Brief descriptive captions

● ● ● ●

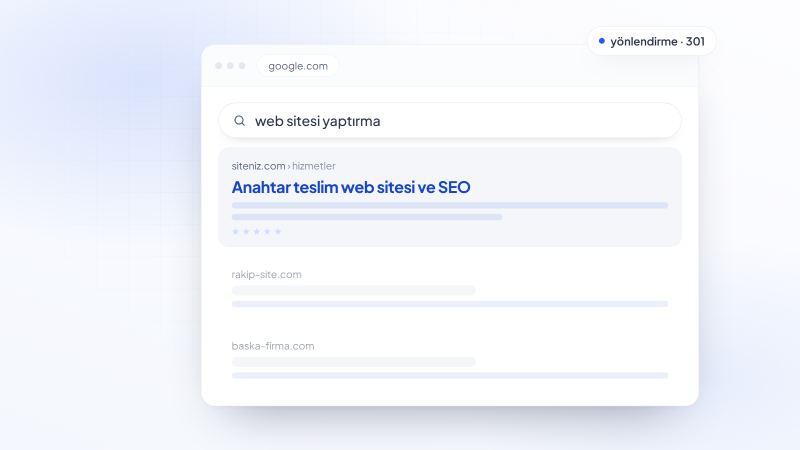 Site yenilenirken adreslerin korunması temsili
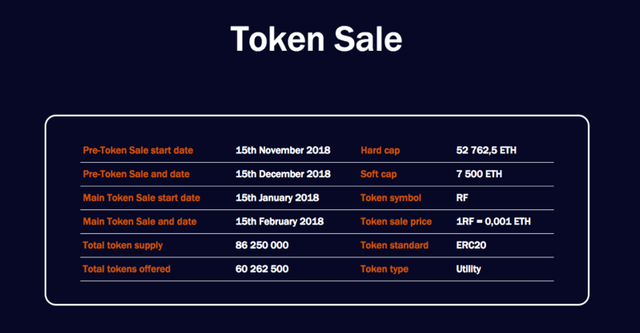 Raido Token sales.png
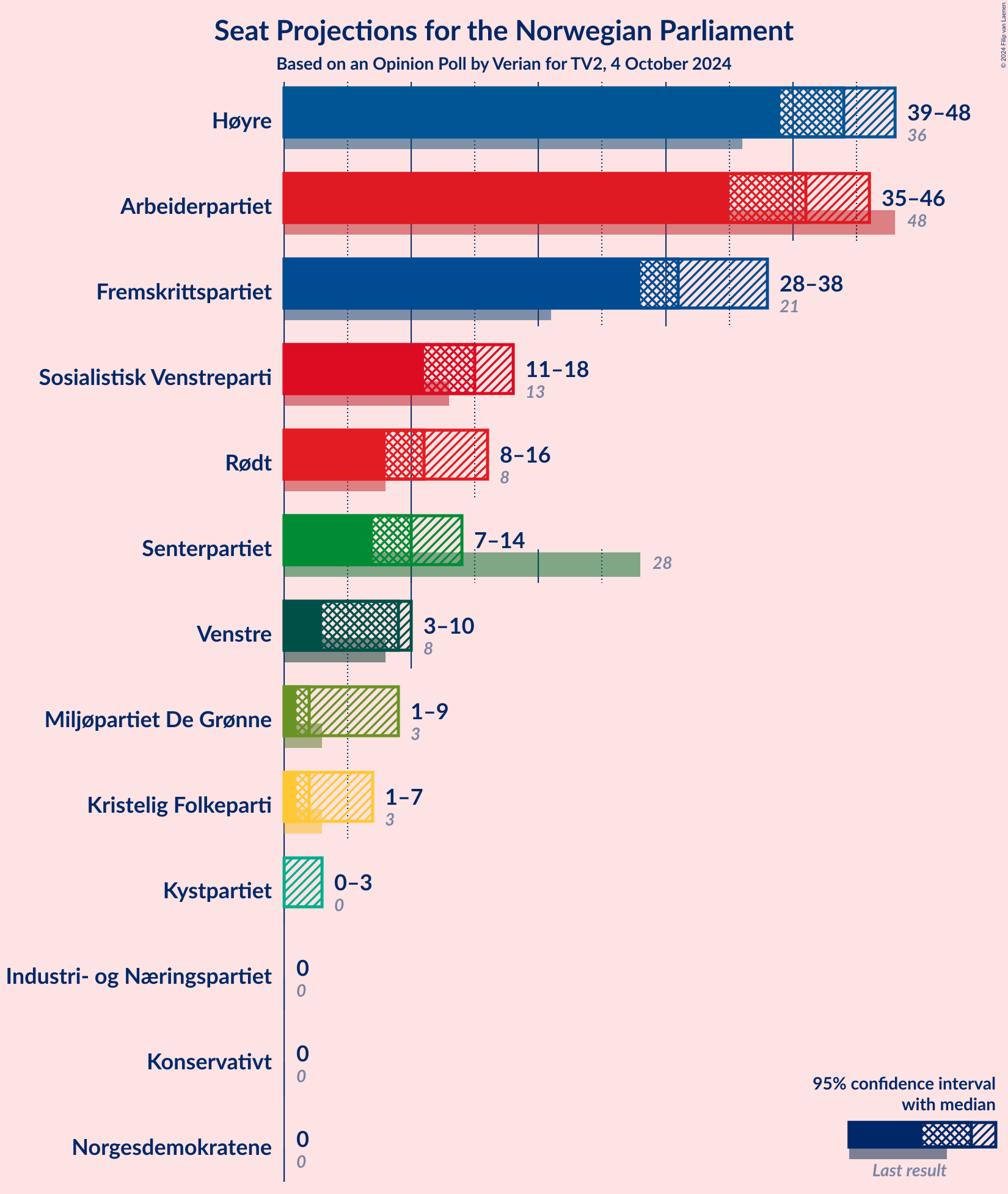 Graph with seats not yet produced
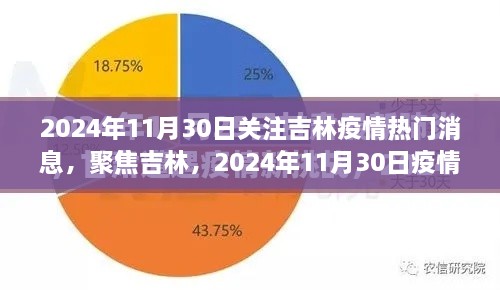 2024年11月 第27页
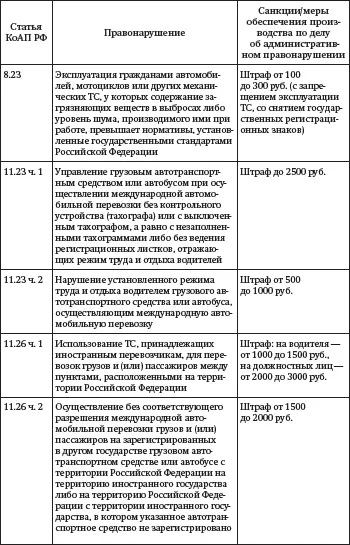 Засады подставы и другие хитрости инспекторов ГИБДД - фото 1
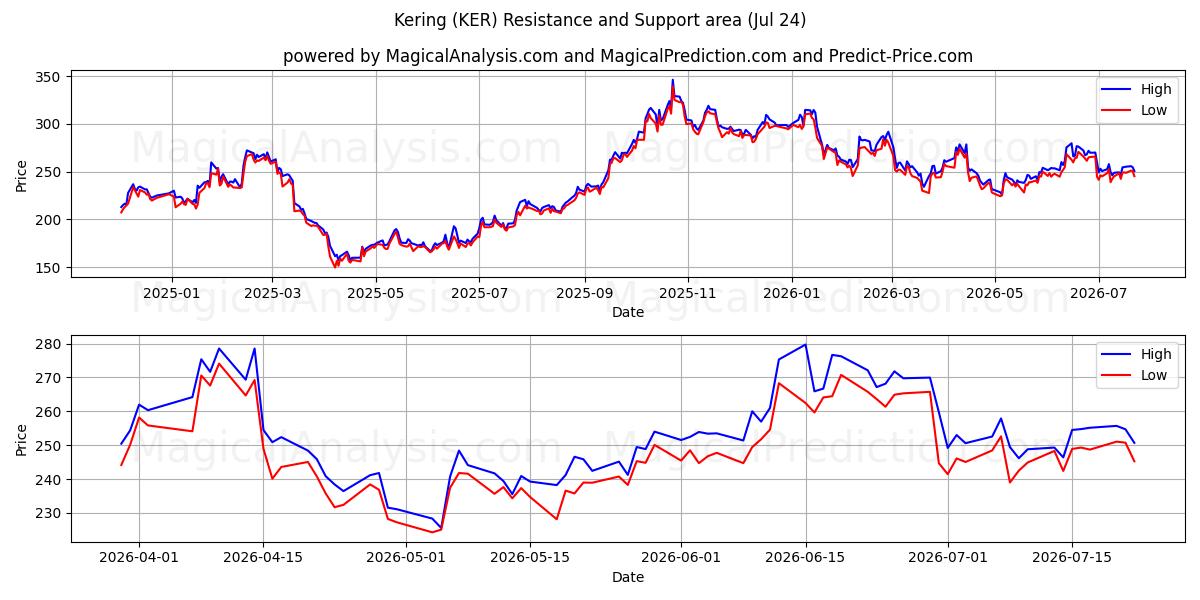  Kering (KER) Support and Resistance area (23 Jul) 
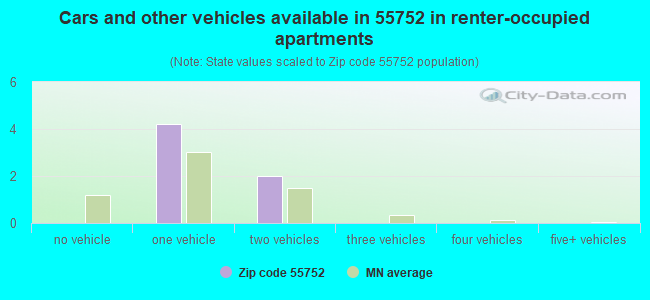 Cars and other vehicles available in 55752 in renter-occupied apartments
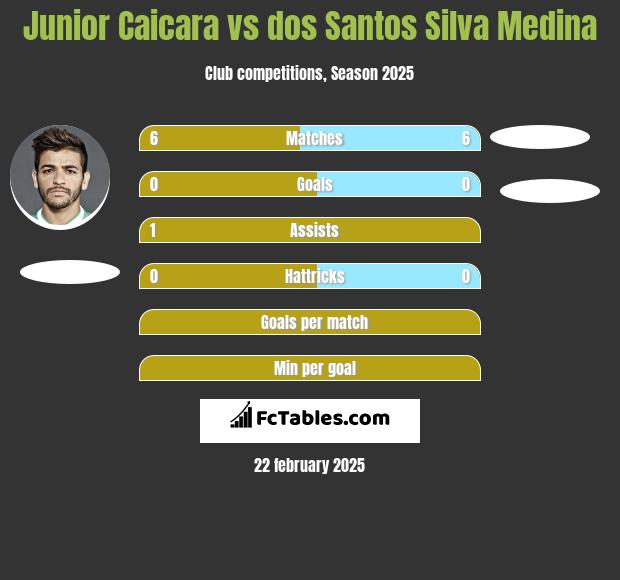 Junior Caicara vs dos Santos Silva Medina h2h player stats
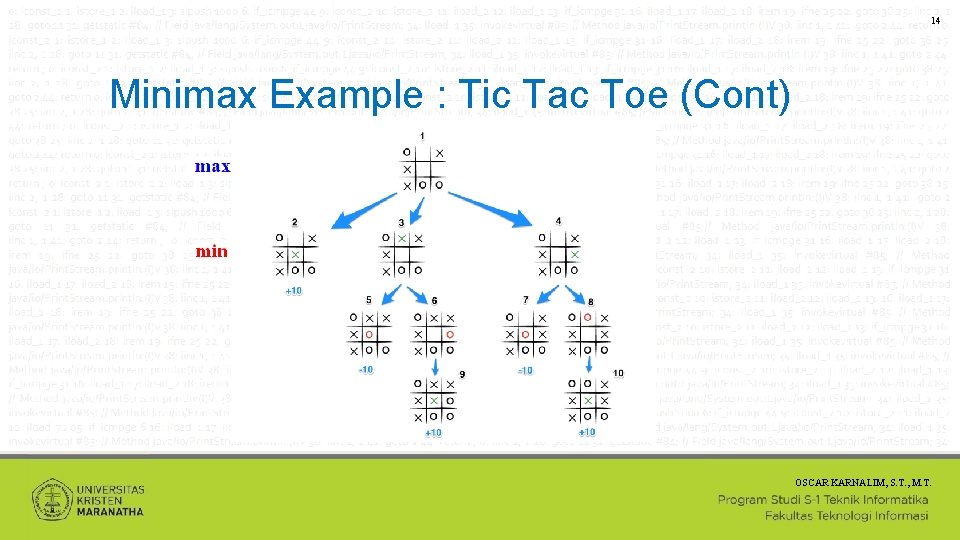 14 Minimax Example : Tic Tac Toe (Cont) OSCAR KARNALIM, S. T. , M.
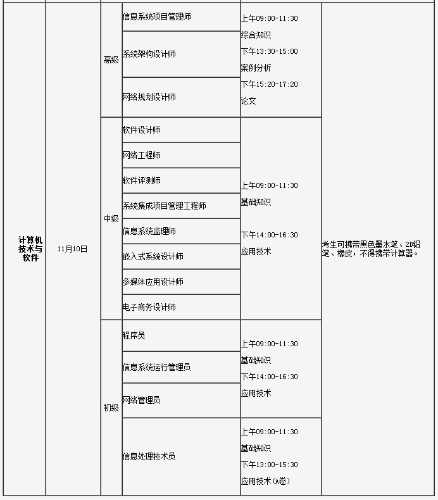 2018年一級注冊消防工程師考試時間及科目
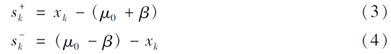 watermark,type_ZHJvaWRzYW5zZmFsbGJhY2s,shadow_50,text_Q1NETiBA56yo54mb5oWi6ICV,size_13,color_FFFFFF,t_70,g_se,x_16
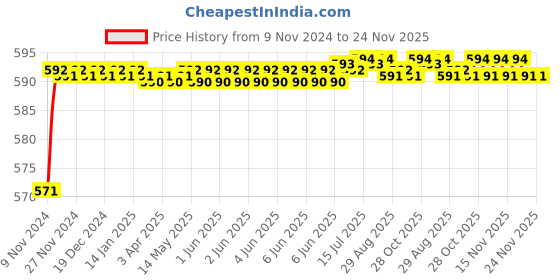 moglix.com Borosil 24/29 Swan Neck Adaptor, 8834624 borosil Price History Graph from 9 Nov 2024 to 23 Nov 2025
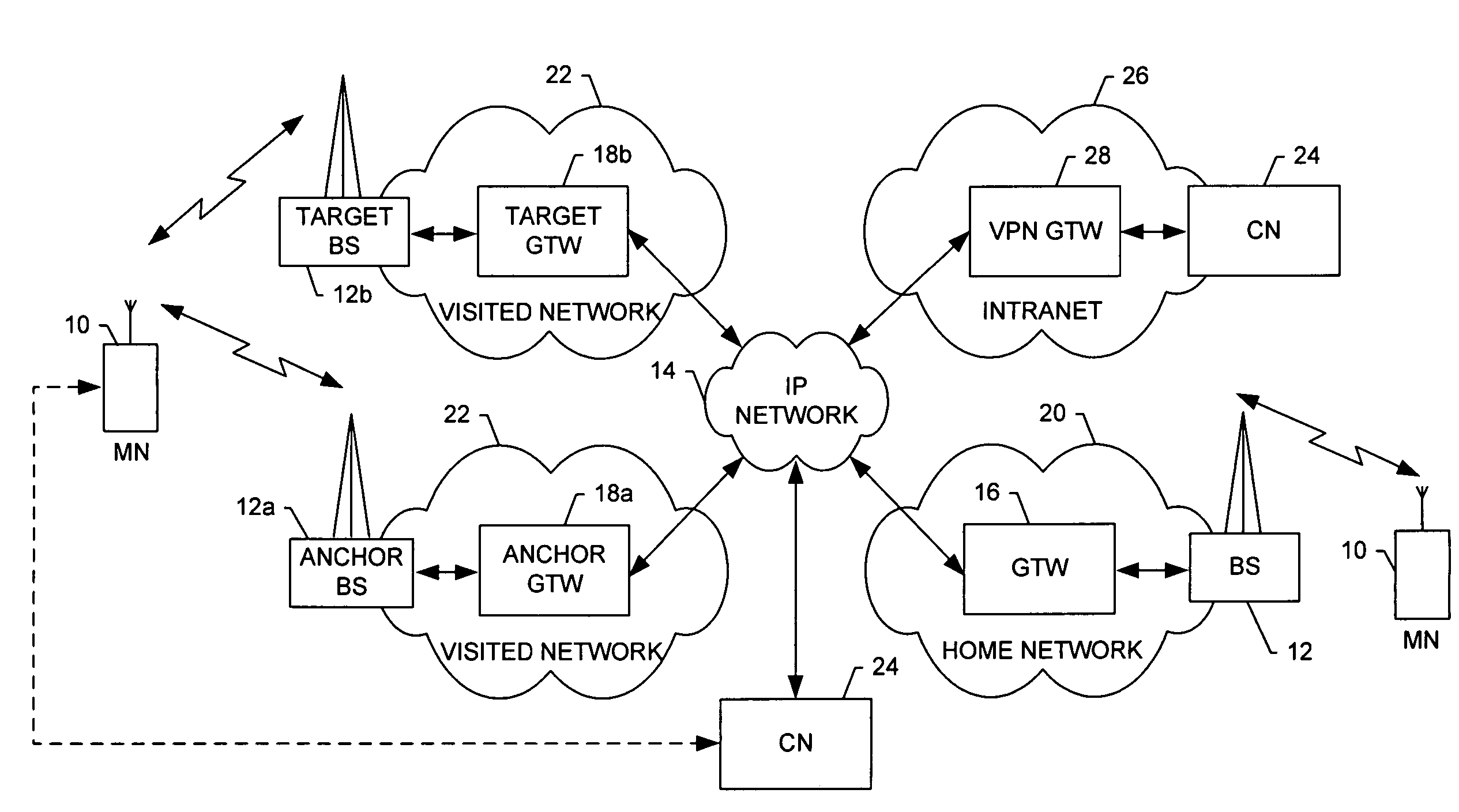 System and method for automatic application profile and policy creation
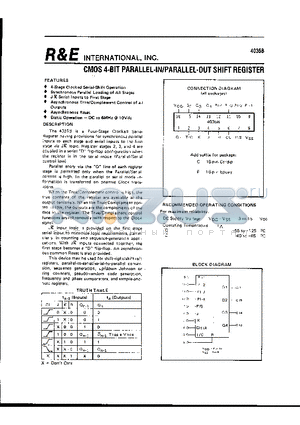 4035B datasheet - CMOS 4-BIT PLRALLEL-IN/PARALEEL-OUT SHIFT REGISTER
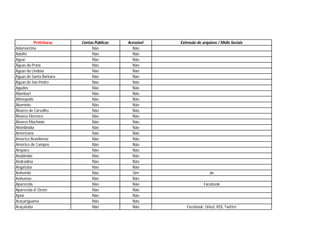 Prefeituras   Contas Públicas   Acessível   Extensão de arquivos / Mídis Sociais
Adamantina                     Não            Não
Adolfo                         Não            Não
Aguaí                          Não            Não
Águas da Prata                 Não            Não
Águas de Lindoia               Não            Não
Águas de Santa Bárbara         Não            Não
Águas de São Pedro             Não            Não
Agudos                         Não            Não
Alambari                       Não            Não
Altinopolis                    Não            Não
Alumínio                       Não            Não
Àlvares de Carvalho            Não            Não
Àlvares Florence               Não            Não
Àlvares Machado                Não            Não
Alvinlândia                    Não            Não
Americana                      Não            Não
Americo Brasiliense            Não            Não
Américo de Campos              Não            Não
Amparo                         Não            Não
Analândia                      Não            Não
Andradina                      Não            Não
Angatuba                       Não            Não
Anhembi                        Não            Sim                       xls
Anhumas                        Não            Não
Aparecida                      Não            Não                    Facebook
Aparecida d' Oeste             Não            Não
Apiaí                          Não            Não
Araçariguama                   Não            Não
Araçatuba                      Não            Não          Facebook, Orkut, RSS, Twitter
 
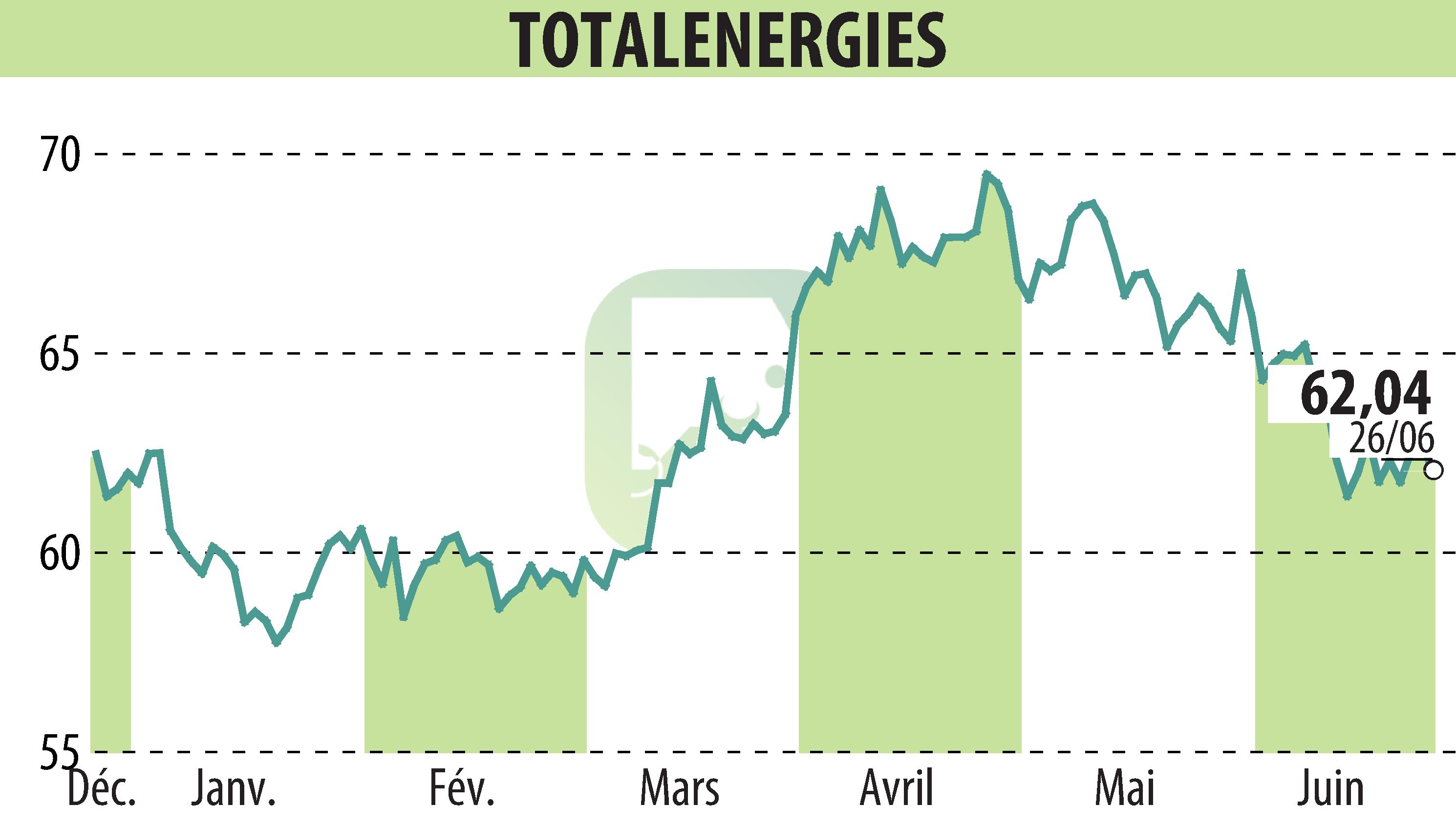 Graphique de l'évolution du cours de l'action TOTALENERGIES (EPA:TTE).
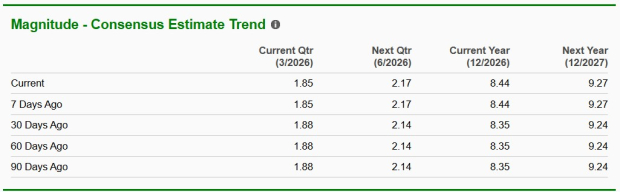 Zacks Investment Research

● ● ● ●

- Work to complete -
A verbatim copy of the records is needed, with all images omitted.

- Output -
 Site yenilenirken adreslerin korunması temsili
 Raido Token sales.png
 Graph with seats not yet produced
 2024年11月 第27页
 Засады подставы и другие хитрости инспекторов ГИБДД - фото 1
  Kering (KER) Support and Resistance area (23 Jul) 
 Cars and other vehicles available in 55752 in renter-occupied apartments
 Junior Caicara vs dos Santos Silva Medina h2h player stats
 14 Minimax Example : Tic Tac Toe (Cont) OSCAR KARNALIM, S. T. , M.
 2018年一級注冊消防工程師考試時間及科目
 watermark,type_ZHJvaWRzYW5zZmFsbGJhY2s,shadow_50,text_Q1NETiBA56yo54mb5oWi6ICV,size_13,color_FFFFFF,t_70,g_se,x_16
 moglix.com Borosil 24/29 Swan Neck Adaptor, 8834624 borosil Price History Graph from 9 Nov 2024 to 23 Nov 2025
 System and method for automatic application profile and policy creation
 4035B datasheet - CMOS 4-BIT PLRALLEL-IN/PARALEEL-OUT SHIFT REGISTER
 Prefeituras   Contas Públicas   Acessível   Extensão de arquivos / Mídis Sociais
Adamantina                     Não            Não
Adolfo                         Não            Não
Aguaí                          Não            Não
Águas da Prata                 Não            Não
Águas de Lindoia               Não            Não
Águas de Santa Bárbara         Não            Não
Águas de São Pedro             Não            Não
Agudos                         Não            Não
Alambari                       Não            Não
Altinopolis                    Não            Não
Alumínio                       Não            Não
Àlvares de Carvalho            Não            Não
Àlvares Florence               Não            Não
Àlvares Machado                Não            Não
Alvinlândia                    Não            Não
Americana                      Não            Não
Americo Brasiliense            Não            Não
Américo de Campos              Não            Não
Amparo                         Não            Não
Analândia                      Não            Não
Andradina                      Não            Não
Angatuba                       Não            Não
Anhembi                        Não            Sim                       xls
Anhumas                        Não            Não
Aparecida                      Não            Não                    Facebook
Aparecida d' Oeste             Não            Não
Apiaí                          Não            Não
Araçariguama                   Não            Não
Araçatuba                      Não            Não          Facebook, Orkut, RSS, Twitter
 
 Graphique de l'évolution du cours de l'action TOTALENERGIES (EPA:TTE).
 Zacks Investment Research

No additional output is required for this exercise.